Last weekend, a 17-year-old was killed when he scaled fences at the Batman roller coaster at Six Flags. While the park has re-opened the ride, it has been instructed to increase the number and size of warning signs, and to include the message "extreme danger."
Rick Hermann, middle school minister at Blackshear Place Baptist Church, said constant supervision, especially of middle schoolers and younger high schoolers, is one thing the church strives for.
"What happened with that youth group the other day, that’s probably every youth pastor’s nightmare," he said, adding that there are two main requirements the church has before anyone can leave on a supervised outing.
"One is a notarized medical release form — we don’t take any student off campus without a medical release form. And then also they have to have a parental consent form specific to that trip that the parent has to fill out," he said. Then, depending on whether the trip is local or farther away or even overnight, there are other regulations they follow.

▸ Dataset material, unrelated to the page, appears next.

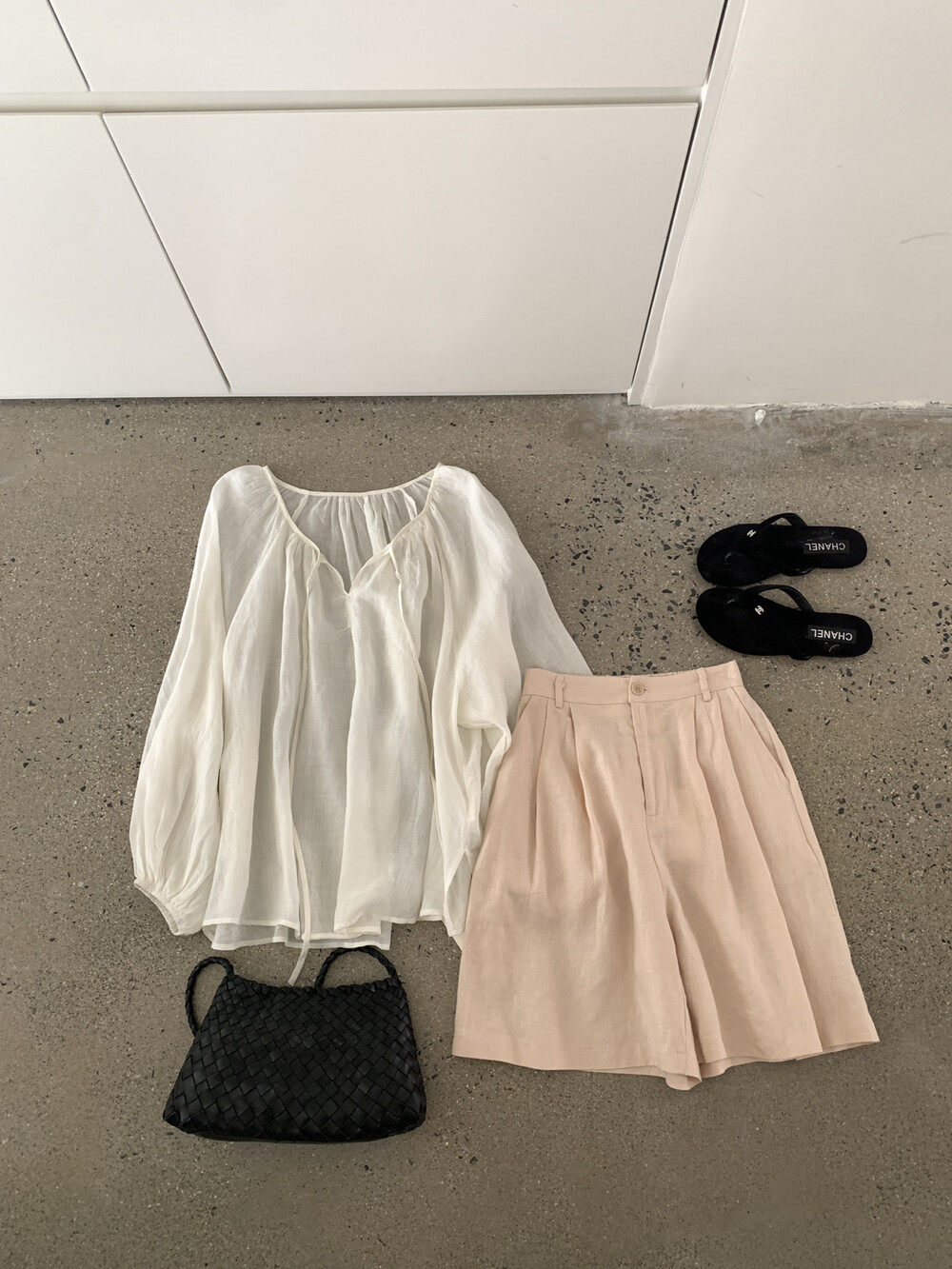 Áo sơ mi nữ linen tay dài cổ V dây buộc phong cách lười biếng — Xanh nước biển, màu hồng, Vàng nhạtcolor, trắng sữa chi tiết 27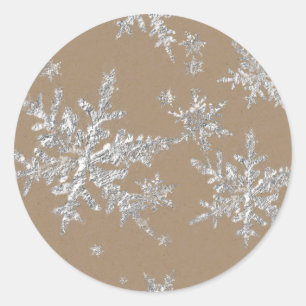 Sticker Rond Snowflakes argenté Brown Kraft rustique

"Some trips are more dangerous than others, and if we’re going to McDonald’s it might not be so dangerous."
Greg Lewallen, minister of students at Lakewood Baptist Church, said their youth groups have gone on trips ranging from building homes in Tennessee to skiing in Colorado. One group from the church went to Six Flags about two weeks ago.
That church also requires a medical release form, along with a release of liability form.

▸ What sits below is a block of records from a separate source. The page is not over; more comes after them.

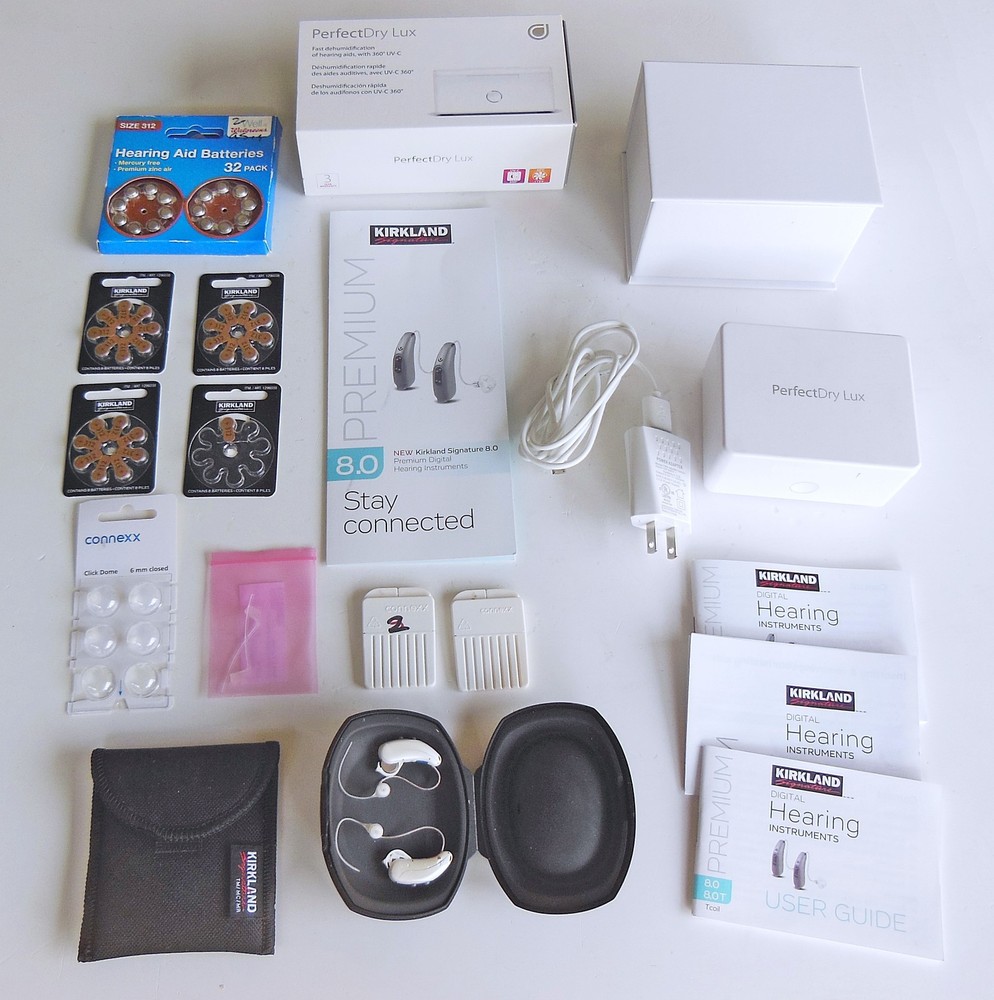 Kirkland Signature 8.0 Premium Digital Hearing Aids, L&R, Pearl White w/ Acces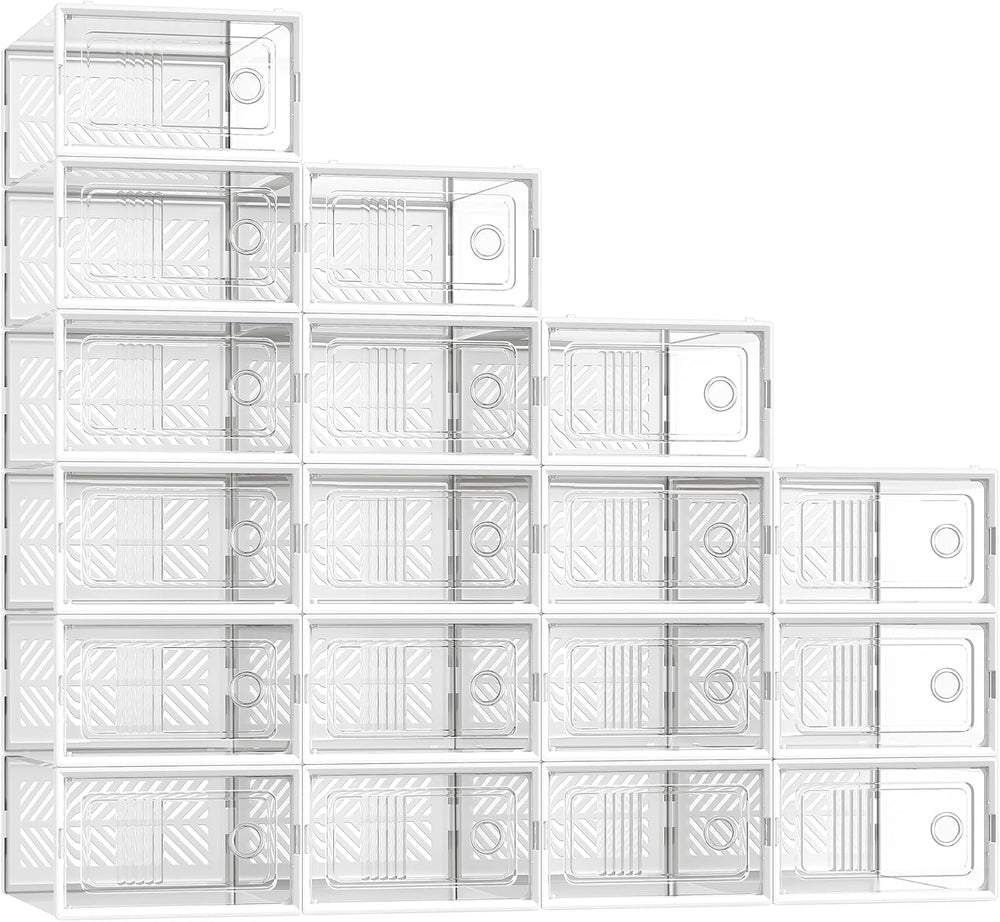 SONGMICS Stackable Shoe Boxes, Foldable, Ventilated Clear, Set of 18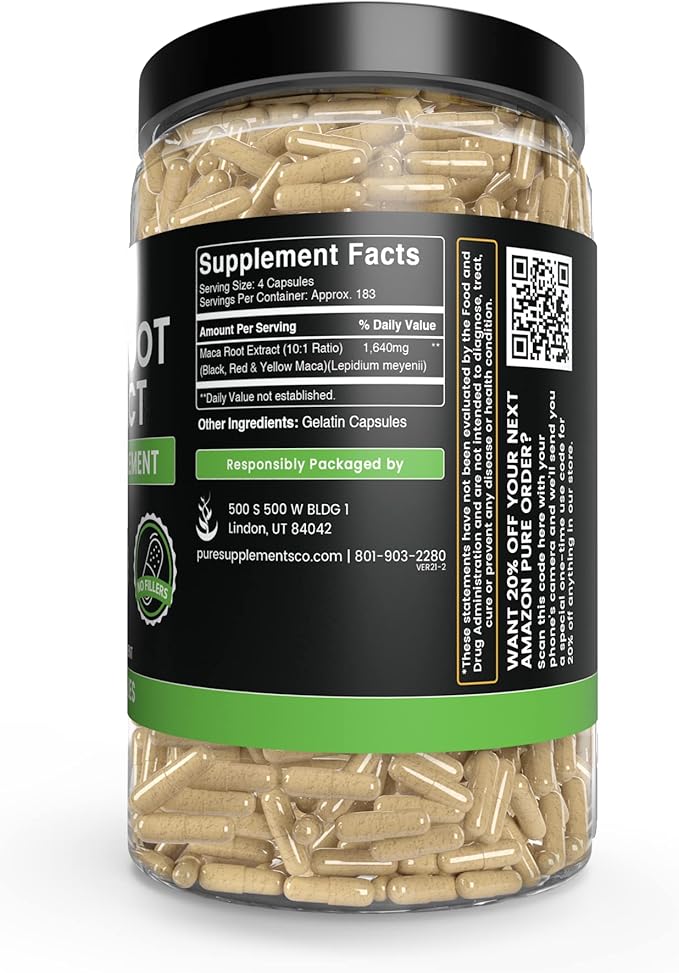 PURE ORIGINAL INGREDIENTS Maca Root (730 Capsules) No Magnesium Or Rice Fillers, Always Pure, Lab Verified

"For big trips, we would have a parents’ meeting to go over rules and safety and make sure everyone’s informed," he said.

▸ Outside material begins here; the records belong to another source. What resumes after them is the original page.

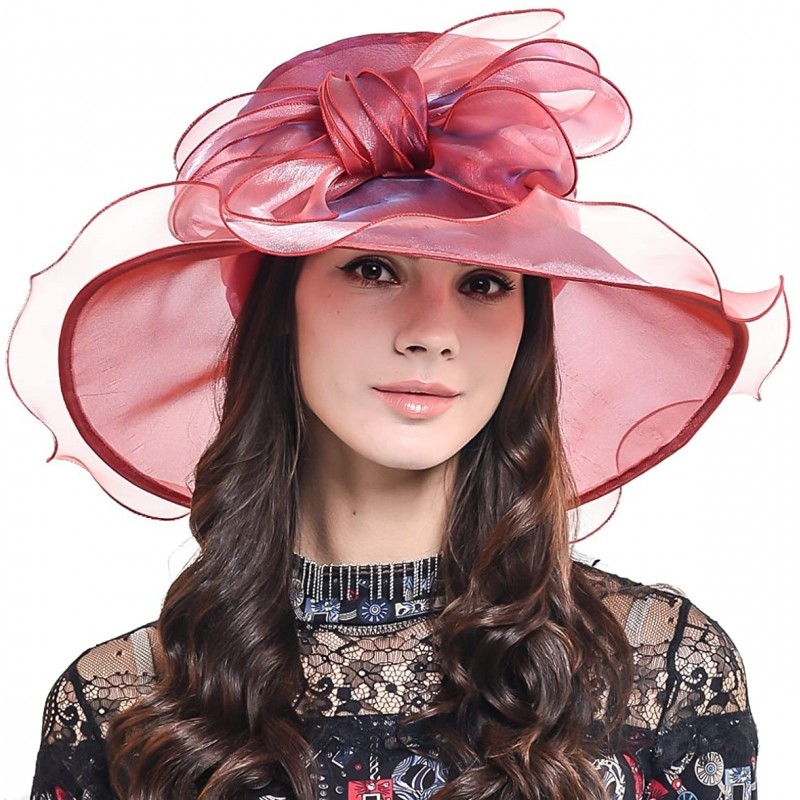 Sun Hats Womens Church Dress Derby Wedding Floral Tea Party Hat Ss-035 - Bow-claret - C412D9ZCIB3 $36.62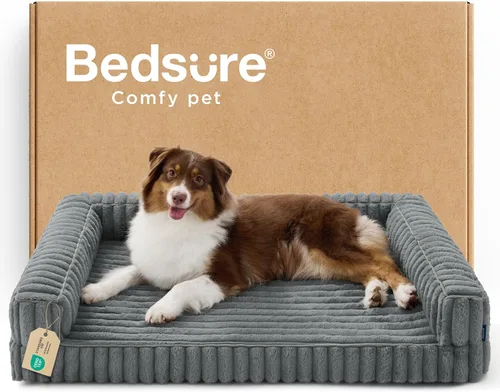 Vista 10 de Bedsure - Cama ortopédica para perros pequeños, cama impermeable de espuma viscoelástica con lados, sofá de espuma de nido de abeja para perros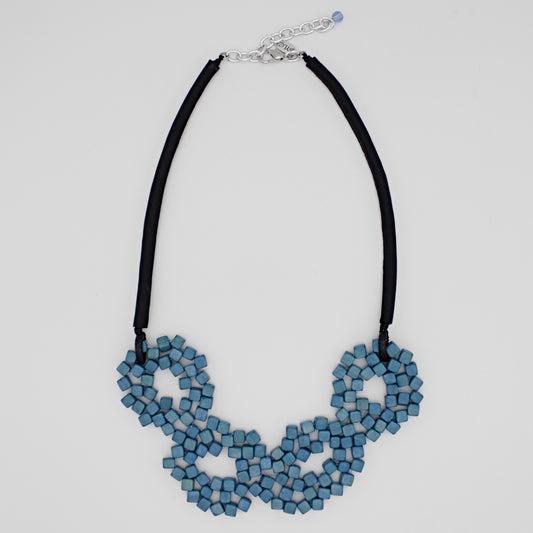 Blue Elyse Beaded Necklace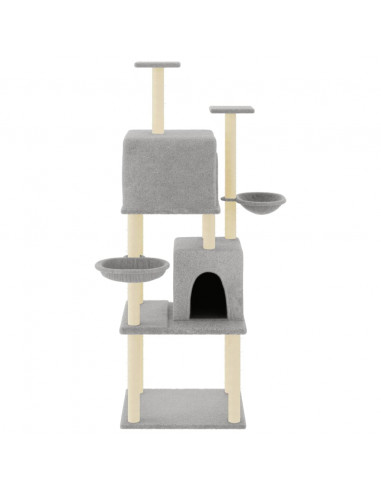 Albero per Gatti con Tiragraffi in Sisal Grigio Chiaro 180 cm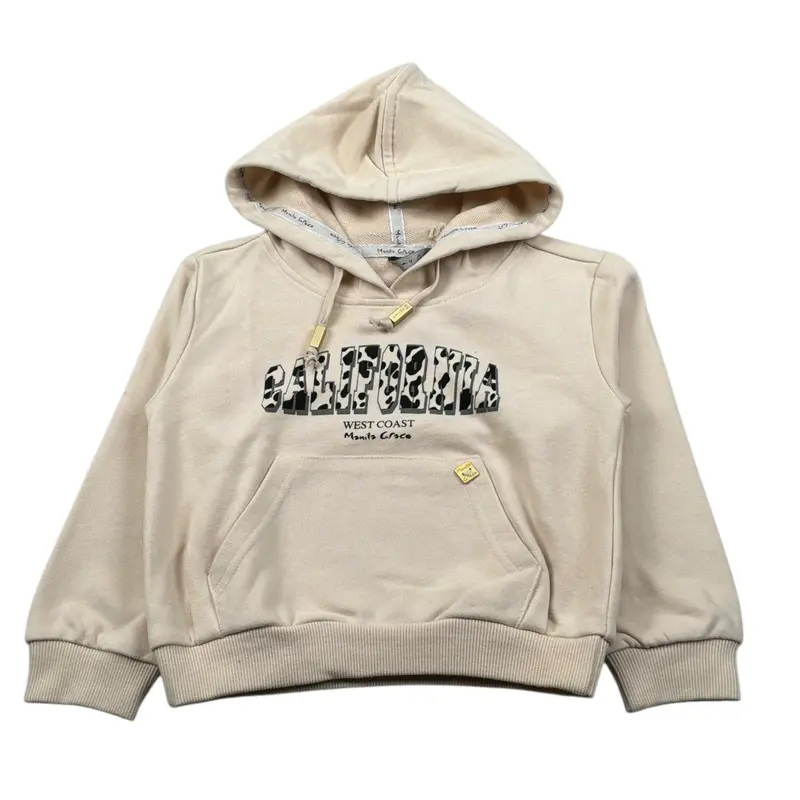 Manila Grace Felpa Chiusa con Cappuccio tinta unita Beige per Bambina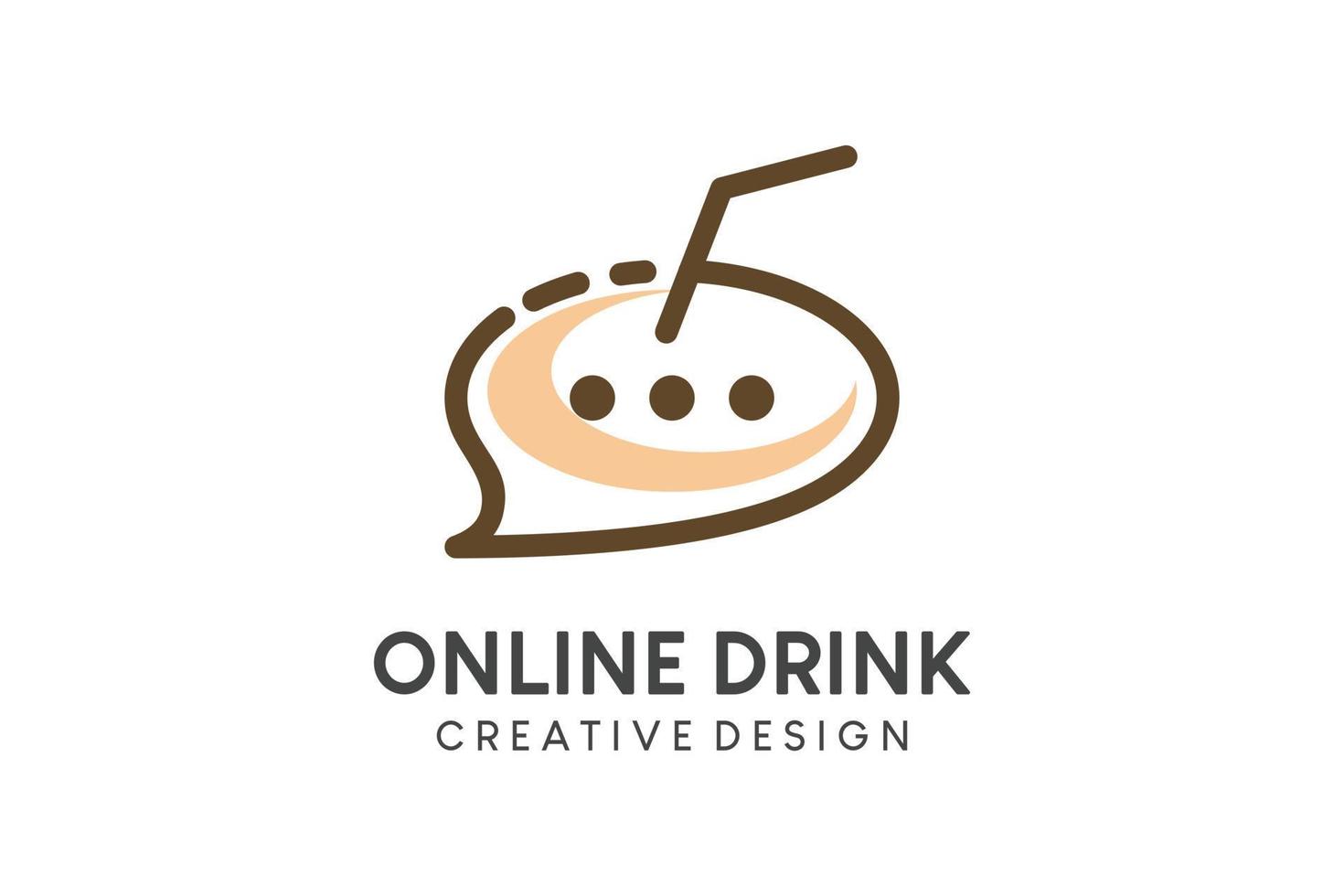 design de logotipo de bebidas online, peça bebidas no estilo de bate-papo criativo vetor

Also, Lakewood tries to keep an adult-to-child ratio of one adult to about six to eight students for older students and one to three students per adult for middle schoolers. Blackshear Place follows similar ratios.
Lewallen said while he can’t recall any specific accident that has happened on a trip, he does recall an incident years ago when he was on a beach trip and a youth was caught in the ocean’s undertow. They called 911 and the child was pulled to safety, but he said it did make him consider "what could happen."
"The next year when you go, it really makes you reconsider, ‘Did I do everything?’" he said. "When we went to Six Flags, we pulled the kids aside and gave them safety instructions. But we also have to travel around in groups."
Lakewood uses a system where students stay in packs, and groups will check in every two hours or so at a designated spot. Blackshear Place youths aren’t allowed to go off on their own at a theme park, and it’s not until they are at least a junior or senior in high school when they can break off into smaller, unsupervised groups.
Lewallen added, "You’re always counting your numbers, always taking roll, that sort of thing."
But overall, that’s part of ensuring the trip is a success, Hermann said. Not only does he want the kids to have a good time, but they are all on the trip to learn more about God, too.
"You gotta ask, what are you trying to accomplish on the trip to call it successful?" Hermann said. "Obviously on any trip that I take kids on, especially if its overnight, we’re trying to teach them core values and what it means to be a Christian. We’re trying to take them deeper in their walk with Jesus Christ."
He’s planning an upcoming white-water rafting trip, and that’s the draw for the kids to go. But it’s much more than activity, he said.
"While we’re there, we teach them things," he said. "And usually something like white-water rafting helps bring them together as a group. They learn to trust each other, they learn to open up with each other because of the experience of rafting together."